* **Given entries**

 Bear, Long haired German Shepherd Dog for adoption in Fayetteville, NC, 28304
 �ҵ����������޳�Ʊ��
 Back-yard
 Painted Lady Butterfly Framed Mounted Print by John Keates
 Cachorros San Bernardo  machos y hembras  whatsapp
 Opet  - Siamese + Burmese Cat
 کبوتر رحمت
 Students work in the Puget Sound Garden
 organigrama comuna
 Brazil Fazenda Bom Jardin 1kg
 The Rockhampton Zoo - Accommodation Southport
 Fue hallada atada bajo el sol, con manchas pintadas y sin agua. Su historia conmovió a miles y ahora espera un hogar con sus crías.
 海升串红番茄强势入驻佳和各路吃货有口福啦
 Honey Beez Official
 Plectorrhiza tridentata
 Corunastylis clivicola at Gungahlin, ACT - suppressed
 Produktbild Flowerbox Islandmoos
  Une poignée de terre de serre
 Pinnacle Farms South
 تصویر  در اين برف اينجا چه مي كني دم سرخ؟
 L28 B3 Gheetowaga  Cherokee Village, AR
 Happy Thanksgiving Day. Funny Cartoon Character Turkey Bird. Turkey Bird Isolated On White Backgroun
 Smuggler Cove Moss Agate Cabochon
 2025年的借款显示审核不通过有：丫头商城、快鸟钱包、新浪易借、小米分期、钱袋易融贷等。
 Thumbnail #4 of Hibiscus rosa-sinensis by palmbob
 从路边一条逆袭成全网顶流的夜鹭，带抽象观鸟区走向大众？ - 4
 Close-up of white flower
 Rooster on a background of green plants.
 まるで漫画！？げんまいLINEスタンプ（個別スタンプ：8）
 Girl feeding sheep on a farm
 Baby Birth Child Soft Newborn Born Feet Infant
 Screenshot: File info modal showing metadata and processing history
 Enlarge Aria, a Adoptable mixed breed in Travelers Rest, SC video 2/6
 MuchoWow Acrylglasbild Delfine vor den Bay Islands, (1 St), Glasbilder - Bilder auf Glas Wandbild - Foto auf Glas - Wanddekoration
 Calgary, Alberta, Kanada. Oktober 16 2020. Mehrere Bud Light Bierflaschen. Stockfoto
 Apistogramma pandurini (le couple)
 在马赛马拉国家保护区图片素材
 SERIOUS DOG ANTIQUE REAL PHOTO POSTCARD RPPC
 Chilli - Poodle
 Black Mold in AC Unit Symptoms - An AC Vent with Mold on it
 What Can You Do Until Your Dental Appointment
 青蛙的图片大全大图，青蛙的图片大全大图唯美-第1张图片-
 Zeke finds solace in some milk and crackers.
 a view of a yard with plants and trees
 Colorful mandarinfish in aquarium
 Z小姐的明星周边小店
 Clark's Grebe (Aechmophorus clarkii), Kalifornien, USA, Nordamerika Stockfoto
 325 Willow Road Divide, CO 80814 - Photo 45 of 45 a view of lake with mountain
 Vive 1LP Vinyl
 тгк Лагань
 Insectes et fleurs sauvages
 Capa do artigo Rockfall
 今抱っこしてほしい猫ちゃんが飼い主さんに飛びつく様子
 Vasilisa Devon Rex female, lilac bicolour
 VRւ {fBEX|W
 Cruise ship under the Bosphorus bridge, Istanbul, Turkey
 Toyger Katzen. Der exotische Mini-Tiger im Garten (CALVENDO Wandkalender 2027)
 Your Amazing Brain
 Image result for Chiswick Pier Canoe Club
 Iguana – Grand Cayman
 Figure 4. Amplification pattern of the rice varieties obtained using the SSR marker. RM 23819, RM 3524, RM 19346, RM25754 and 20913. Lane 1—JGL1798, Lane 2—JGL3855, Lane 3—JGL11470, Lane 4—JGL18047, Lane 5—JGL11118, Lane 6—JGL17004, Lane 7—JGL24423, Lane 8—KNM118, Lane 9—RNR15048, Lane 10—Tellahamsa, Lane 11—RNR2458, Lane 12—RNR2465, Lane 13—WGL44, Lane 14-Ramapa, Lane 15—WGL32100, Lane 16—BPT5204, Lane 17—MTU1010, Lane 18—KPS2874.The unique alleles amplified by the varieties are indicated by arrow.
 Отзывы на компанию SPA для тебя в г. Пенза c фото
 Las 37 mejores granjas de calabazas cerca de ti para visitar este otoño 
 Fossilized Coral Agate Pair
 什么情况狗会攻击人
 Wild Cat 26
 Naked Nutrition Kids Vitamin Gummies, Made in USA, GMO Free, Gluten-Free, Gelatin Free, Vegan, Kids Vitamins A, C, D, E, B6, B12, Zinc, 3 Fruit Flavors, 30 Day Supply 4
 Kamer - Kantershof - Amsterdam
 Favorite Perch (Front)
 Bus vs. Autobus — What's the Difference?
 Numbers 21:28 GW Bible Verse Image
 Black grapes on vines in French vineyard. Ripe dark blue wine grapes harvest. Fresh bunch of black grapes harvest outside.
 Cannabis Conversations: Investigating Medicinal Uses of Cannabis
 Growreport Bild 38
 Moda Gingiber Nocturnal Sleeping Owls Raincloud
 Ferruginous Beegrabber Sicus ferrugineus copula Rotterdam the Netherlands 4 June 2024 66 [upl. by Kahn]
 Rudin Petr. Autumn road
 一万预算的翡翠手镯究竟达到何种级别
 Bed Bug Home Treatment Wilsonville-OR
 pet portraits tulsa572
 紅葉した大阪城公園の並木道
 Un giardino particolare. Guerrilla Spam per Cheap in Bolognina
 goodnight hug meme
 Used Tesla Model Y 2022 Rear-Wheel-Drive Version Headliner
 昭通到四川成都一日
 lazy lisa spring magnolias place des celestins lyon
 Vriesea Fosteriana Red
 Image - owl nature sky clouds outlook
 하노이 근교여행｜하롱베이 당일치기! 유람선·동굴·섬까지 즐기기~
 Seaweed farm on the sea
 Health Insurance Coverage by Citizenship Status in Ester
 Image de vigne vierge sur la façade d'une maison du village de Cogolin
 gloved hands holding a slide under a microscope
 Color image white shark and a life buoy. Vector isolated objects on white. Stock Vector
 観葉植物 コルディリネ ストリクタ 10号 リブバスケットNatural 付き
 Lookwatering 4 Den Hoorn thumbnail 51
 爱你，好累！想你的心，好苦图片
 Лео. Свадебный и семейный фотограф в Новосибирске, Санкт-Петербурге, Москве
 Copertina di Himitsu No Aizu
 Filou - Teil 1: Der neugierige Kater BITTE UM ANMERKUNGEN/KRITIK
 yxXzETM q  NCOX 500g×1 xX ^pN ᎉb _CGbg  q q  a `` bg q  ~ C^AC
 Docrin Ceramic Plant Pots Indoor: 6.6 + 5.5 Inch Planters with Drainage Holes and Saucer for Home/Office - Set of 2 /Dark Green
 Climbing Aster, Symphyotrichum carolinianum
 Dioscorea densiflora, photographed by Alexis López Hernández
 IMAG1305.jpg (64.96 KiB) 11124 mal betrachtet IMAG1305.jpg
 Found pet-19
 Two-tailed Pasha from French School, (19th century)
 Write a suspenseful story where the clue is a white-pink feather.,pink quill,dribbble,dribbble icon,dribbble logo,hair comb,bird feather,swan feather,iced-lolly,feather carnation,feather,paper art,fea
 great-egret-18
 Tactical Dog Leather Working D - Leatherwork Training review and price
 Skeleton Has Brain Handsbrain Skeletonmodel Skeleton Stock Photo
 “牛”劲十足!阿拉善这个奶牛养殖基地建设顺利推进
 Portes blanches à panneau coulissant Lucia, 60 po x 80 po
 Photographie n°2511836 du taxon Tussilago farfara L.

* **What you will do**
The required output is the set of lines from the first line of the data through the line that contains "Siamese + Burmese Cat", transcribed exactly.

* **Response to this task**
 Bear, Long haired German Shepherd Dog for adoption in Fayetteville, NC, 28304
 �ҵ����������޳�Ʊ��
 Back-yard
 Painted Lady Butterfly Framed Mounted Print by John Keates
 Cachorros San Bernardo  machos y hembras  whatsapp
 Opet  - Siamese + Burmese Cat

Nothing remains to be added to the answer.